Task instructions. The exercise calls for the lines from the one containing "Vista superior de" to the end of the data below to be output exactly, pictures excluded.

Records to use.

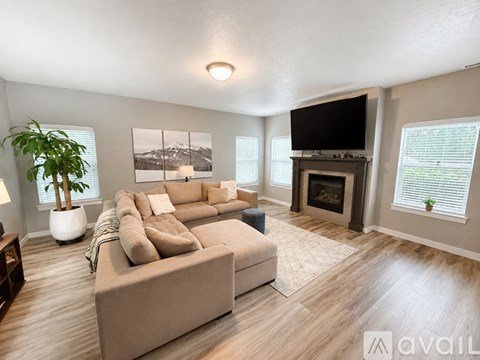 A living room with a large couch and a fireplace.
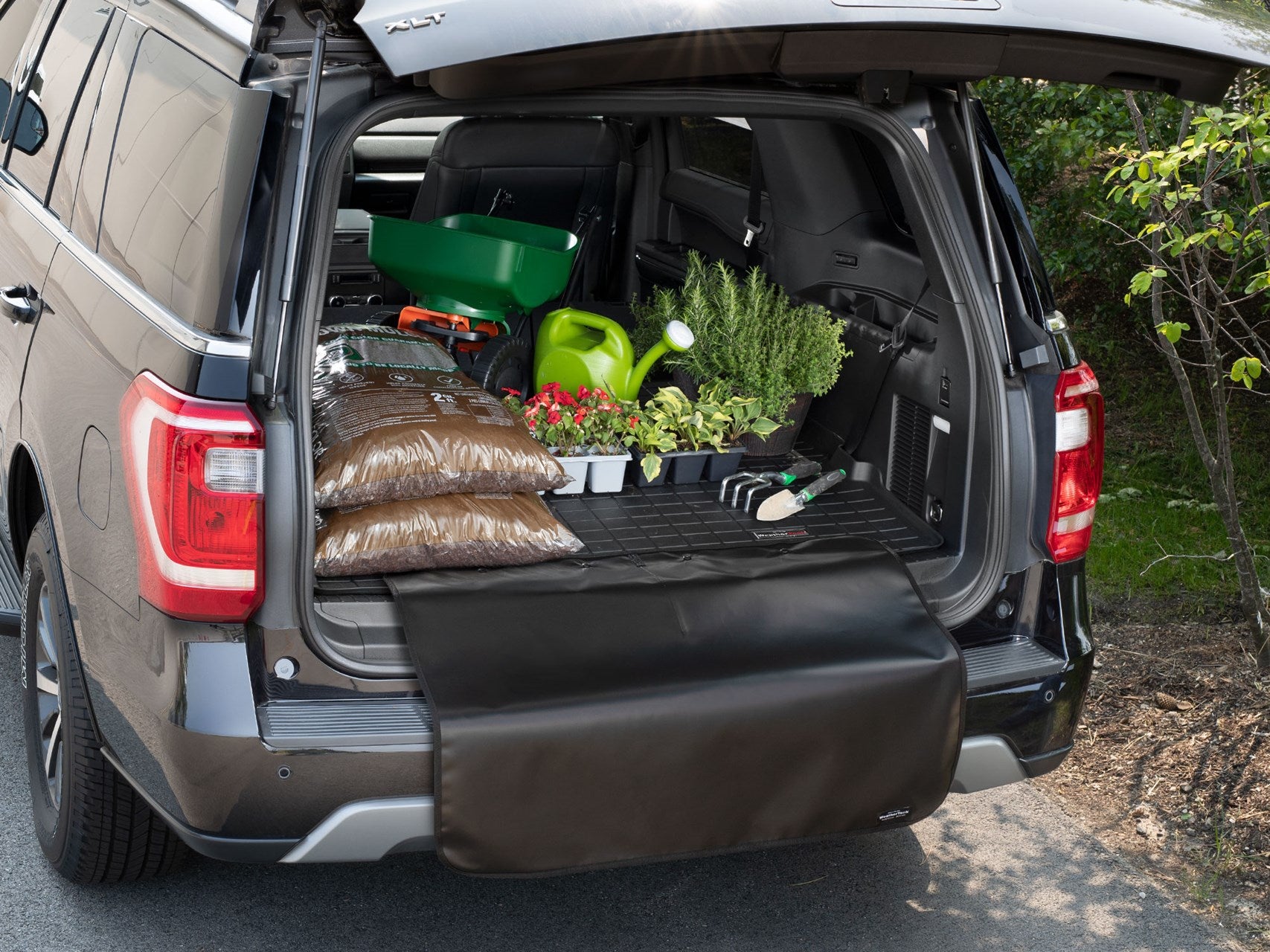 Black trunk liner with gardening supplies on top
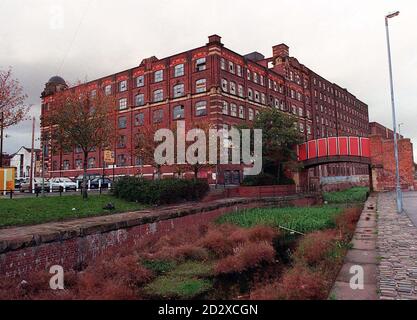 Des buissons surcultivés se trouvent dans l'ancien canal Rochdale, sous les usines Royal et Murray de Manchester, à Ancoats, qui ont été officiellement déclarés bâtiments classés par le ministre du Patrimoine Lord Inglewood lors d'une réunion du Fonds du patrimoine architectural à Manchester. * ils font partie de trente anciens bâtiments de moulin répartis autour du Nord-est que le gouvernement a l'intention d'ajouter aux soixante déjà inscrits comme d'intérêt historique spécial. Banque D'Images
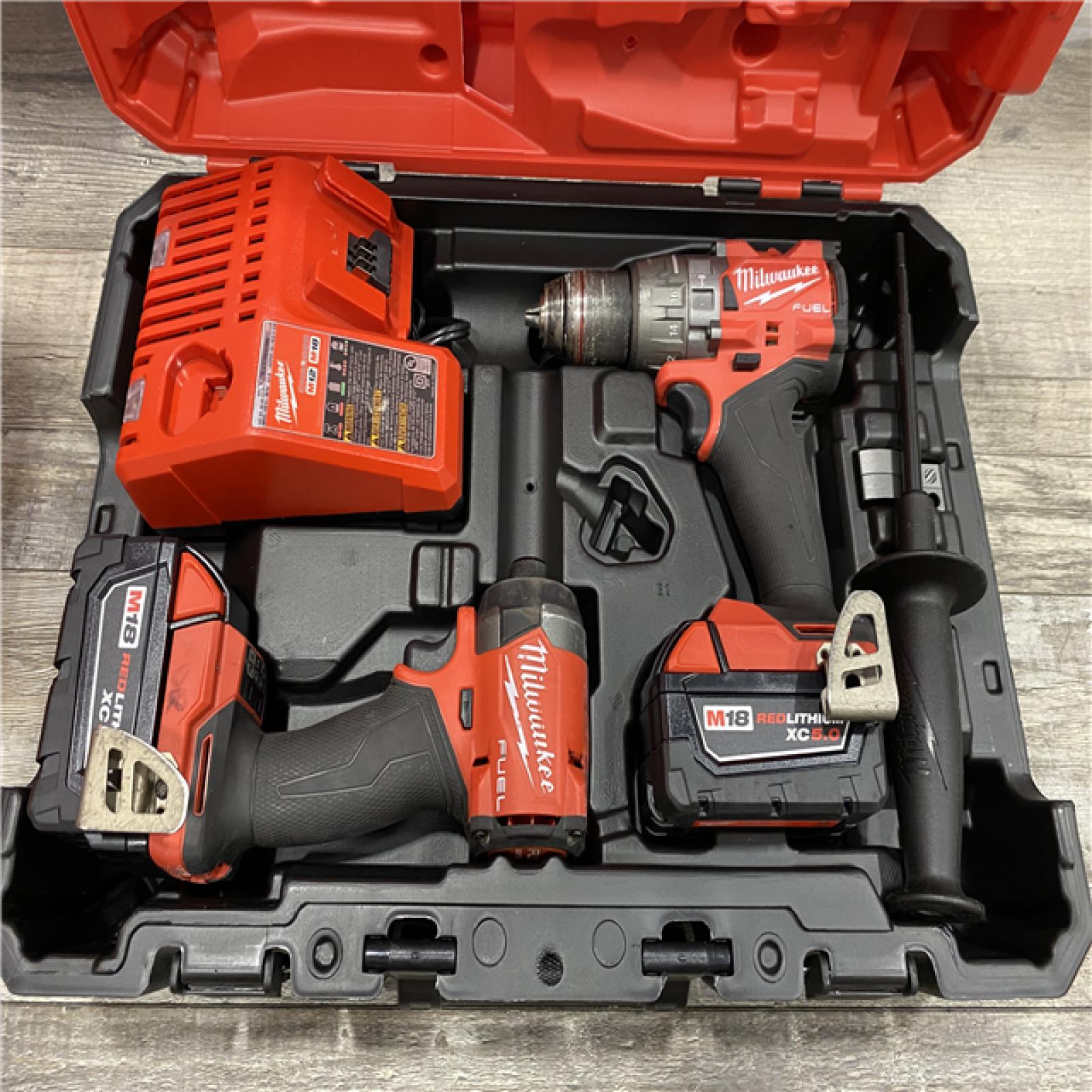 AS-IS Milwaukee FUEL 18V Lithium-Ion Brushless Cordless Hammer Drill and Impact Driver Combo Kit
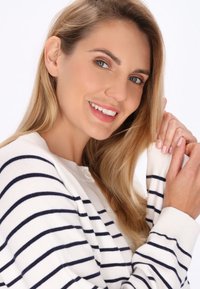 Weißer Cardigan mit navy-blauen horizontalen Streifen und Knopfverschluss, mit einer weichen Textur. Das Model hat lange, lockige blonde Haare und einen neutralen Hintergrund.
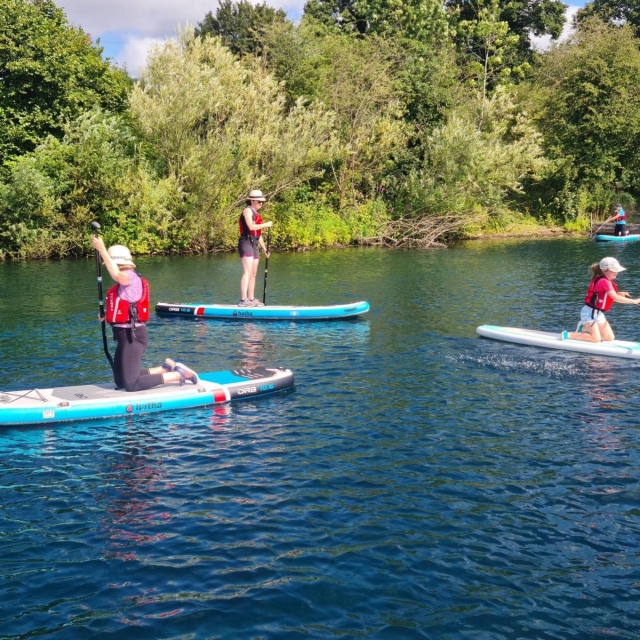 Group of children Paddle boarding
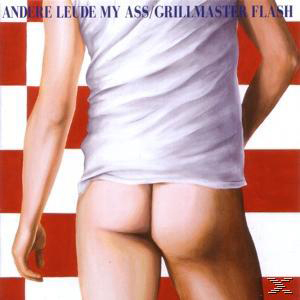 Albumcover mit dem Hintern eines Mannes und einem rot-weiß karierten Hintergrund.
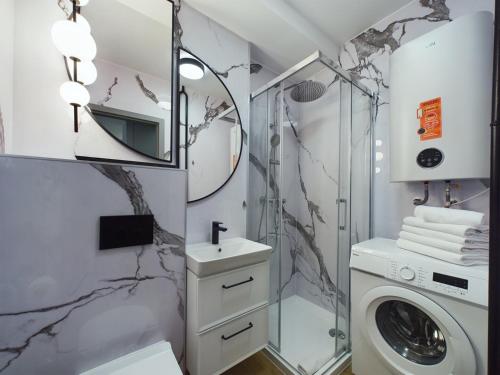 a bathroom with a sink and a washing machine at ApartamentuSnu, Sportowa I in Radom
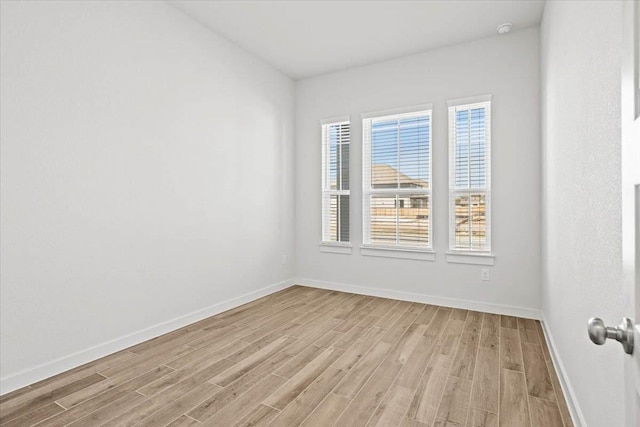 unfurnished room with light hardwood / wood-style flooring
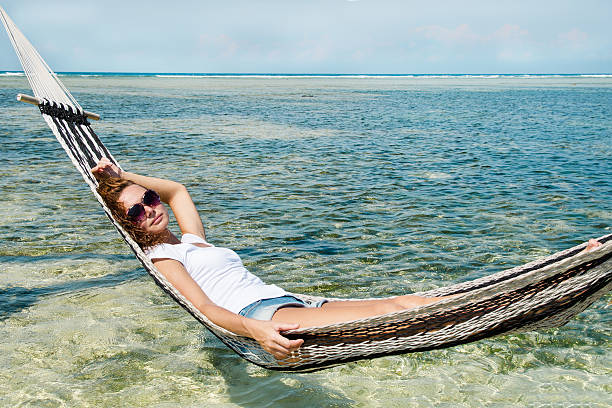 istock Girl Relaxing In Hammock 531009070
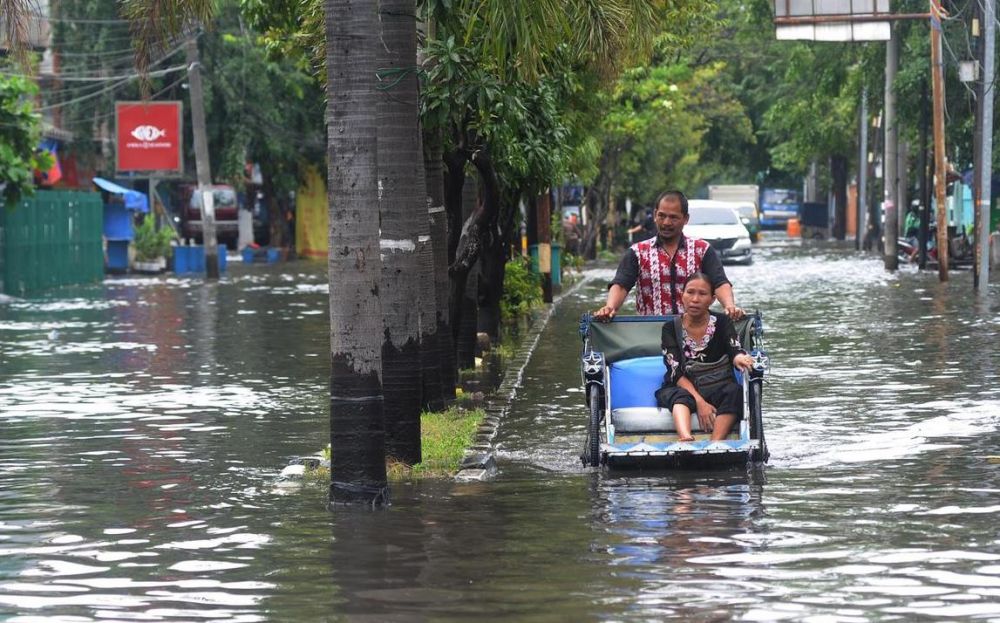 Potret tetap semangat bekerja di tengah banjir Jakarta, bikin kamu geleng kepala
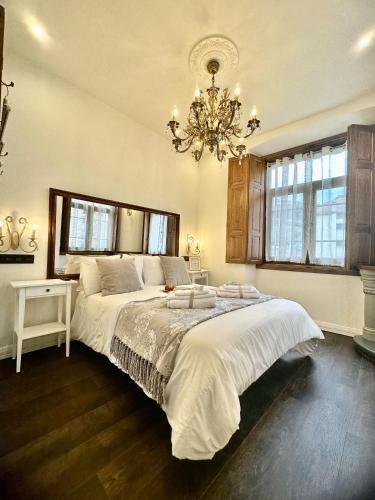 坎加斯德尔纳尔塞亚CLAREN´S BOUTIQUE ROOMS的一间卧室配有一张大床和一个吊灯。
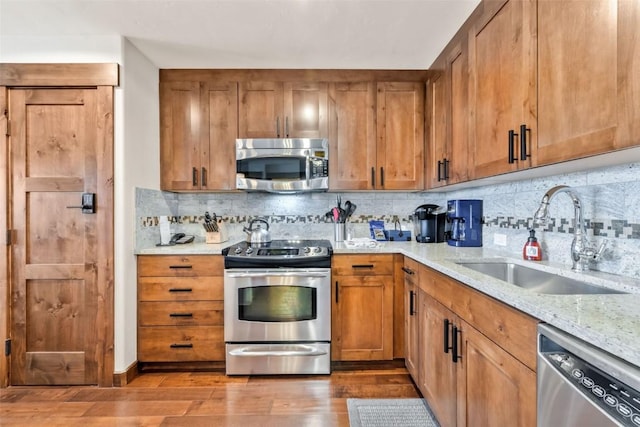 kitchen with wood finished floors, brown cabinetry, a sink, tasteful backsplash, and appliances with stainless steel finishes
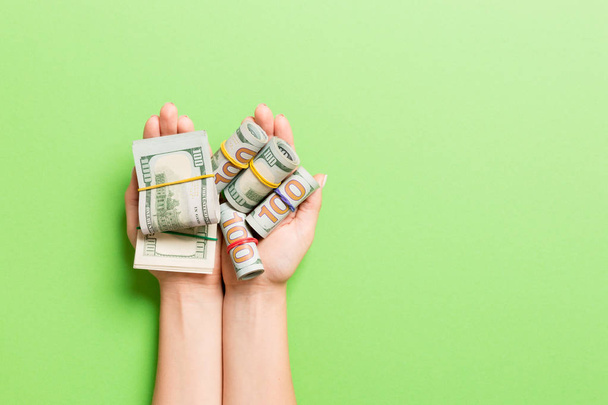 Vista superior de enrollado en billetes de dólares tubos en palmas femeninas sobre fondo colorido. Concepto de pobreza y deuda con espacio vacío para su diseño
 - Foto, imagen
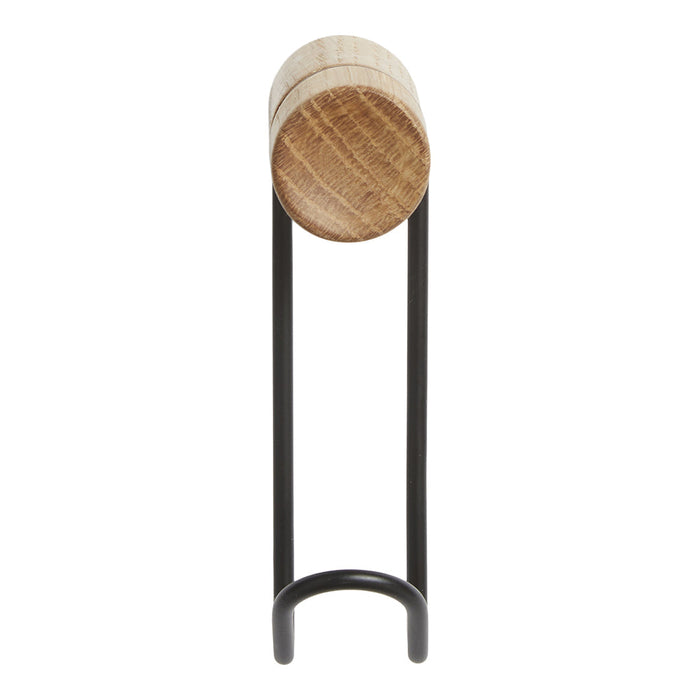Natural wood grain on a round top with a sleek black metal stand, combining rustic charm and modern design.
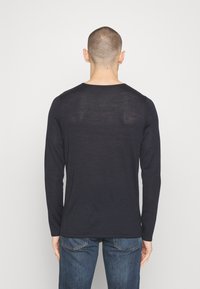 T-shirt a maniche lunghe in navy realizzato in un tessuto morbido e leggero. Presenta un collo tondo e una silhouette aderente. Design semplice, senza motivi o accessori.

Task output.
 Vista superior de enrollado en billetes de dólares tubos en palmas femeninas sobre fondo colorido. Concepto de pobreza y deuda con espacio vacío para su diseño
 - Foto, imagen
Natural wood grain on a round top with a sleek black metal stand, combining rustic charm and modern design.
 T-shirt a maniche lunghe in navy realizzato in un tessuto morbido e leggero. Presenta un collo tondo e una silhouette aderente. Design semplice, senza motivi o accessori.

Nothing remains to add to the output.